### [Required action]
In the data below, the answer is the run of lines from the line containing "Fauteuil lounge en" through the line containing "Assortment of Bachmann", both included; print it exactly and nothing else.

[Dataset excerpts]
● ● ● ● ● ● ●
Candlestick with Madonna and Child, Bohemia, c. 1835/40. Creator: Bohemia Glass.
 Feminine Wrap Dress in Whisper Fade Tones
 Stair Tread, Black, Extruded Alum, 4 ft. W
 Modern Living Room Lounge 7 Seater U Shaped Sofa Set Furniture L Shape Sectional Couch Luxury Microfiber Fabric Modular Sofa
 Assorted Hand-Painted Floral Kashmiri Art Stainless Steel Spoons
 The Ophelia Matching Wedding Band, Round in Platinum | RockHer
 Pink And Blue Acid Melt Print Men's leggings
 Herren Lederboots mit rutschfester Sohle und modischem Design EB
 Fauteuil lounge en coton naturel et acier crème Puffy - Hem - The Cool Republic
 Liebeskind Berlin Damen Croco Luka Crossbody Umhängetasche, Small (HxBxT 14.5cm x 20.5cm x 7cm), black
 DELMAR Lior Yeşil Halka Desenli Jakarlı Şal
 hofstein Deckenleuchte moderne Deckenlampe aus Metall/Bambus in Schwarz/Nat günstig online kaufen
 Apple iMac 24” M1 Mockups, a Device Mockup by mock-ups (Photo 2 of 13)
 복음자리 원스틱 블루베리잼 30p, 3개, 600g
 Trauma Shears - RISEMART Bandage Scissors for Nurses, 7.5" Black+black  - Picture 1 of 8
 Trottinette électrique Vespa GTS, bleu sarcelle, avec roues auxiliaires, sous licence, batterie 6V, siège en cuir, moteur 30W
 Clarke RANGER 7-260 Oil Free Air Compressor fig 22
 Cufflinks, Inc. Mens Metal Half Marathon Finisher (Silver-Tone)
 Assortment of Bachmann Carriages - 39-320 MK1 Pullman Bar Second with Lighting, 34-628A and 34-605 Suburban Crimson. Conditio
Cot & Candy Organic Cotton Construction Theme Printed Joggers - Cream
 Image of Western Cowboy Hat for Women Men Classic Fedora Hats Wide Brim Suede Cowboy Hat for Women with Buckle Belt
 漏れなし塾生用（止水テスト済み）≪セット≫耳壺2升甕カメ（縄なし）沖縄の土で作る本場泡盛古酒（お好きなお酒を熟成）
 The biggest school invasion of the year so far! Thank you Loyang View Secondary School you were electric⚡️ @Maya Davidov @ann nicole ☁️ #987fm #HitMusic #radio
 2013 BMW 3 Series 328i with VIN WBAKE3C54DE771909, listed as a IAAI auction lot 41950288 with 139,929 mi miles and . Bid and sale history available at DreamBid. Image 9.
● ● ● ● ● ● ●
### [Task output]
 Fauteuil lounge en coton naturel et acier crème Puffy - Hem - The Cool Republic
 Liebeskind Berlin Damen Croco Luka Crossbody Umhängetasche, Small (HxBxT 14.5cm x 20.5cm x 7cm), black
 DELMAR Lior Yeşil Halka Desenli Jakarlı Şal
 hofstein Deckenleuchte moderne Deckenlampe aus Metall/Bambus in Schwarz/Nat günstig online kaufen
 Apple iMac 24” M1 Mockups, a Device Mockup by mock-ups (Photo 2 of 13)
 복음자리 원스틱 블루베리잼 30p, 3개, 600g
 Trauma Shears - RISEMART Bandage Scissors for Nurses, 7.5" Black+black  - Picture 1 of 8
 Trottinette électrique Vespa GTS, bleu sarcelle, avec roues auxiliaires, sous licence, batterie 6V, siège en cuir, moteur 30W
 Clarke RANGER 7-260 Oil Free Air Compressor fig 22
 Cufflinks, Inc. Mens Metal Half Marathon Finisher (Silver-Tone)
 Assortment of Bachmann Carriages - 39-320 MK1 Pullman Bar Second with Lighting, 34-628A and 34-605 Suburban Crimson. Conditio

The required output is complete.